As a fan of Sol Lewitt's Conceptual works, I'd like to share a bit about him and his works. Sol LeWitt, born in Hartford, Connecticut in 1928, is considered to be an originator of Conceptual Art. In 1949, LeWitt earned his BFA from Syracuse University, and in 1953 attended what is now known as the School of Visual Arts in NY City. He worked as a graphic designer for an architect, and later worked the night desk at the Museum of Modern Art, NY to gain additional influence to a unique style of art he would soon pioneer.
1968 is the year that LeWitt first started a series of Wall Drawings where he would continue to add to the conceptual series through the beginning of the next century.
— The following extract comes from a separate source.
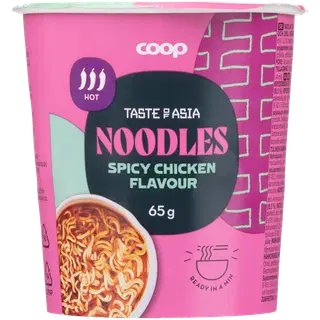 Coop maitsestatud kana kausinuudlid 65g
They began very minimal, composed only of lines drawn with pencil or crayon directly on the wall, according to specific instructions written by the artist. These conceptual wall drawings brought him much popularity as well as criticisms from the art world.
Lewitt mastered a wide array of different media to create his artworks. To its simplest form of Wall Drawings: pencil directly on the wall, sculptures composed of wood in his series of Incomplete Open Cubes, to cinder blocks while he was in Italy, and later fiberglass, acrylics and even furniture, LeWitt was able to represent lines, and geometric shapes and patterns in a very distinct, unique, minimalistic style that only he could conceptualize. The change in his works and his choice in media and form shows his ability to progress through four decades of appreciation, criticism, and advancement in technologies to become a distinguished name in the art community.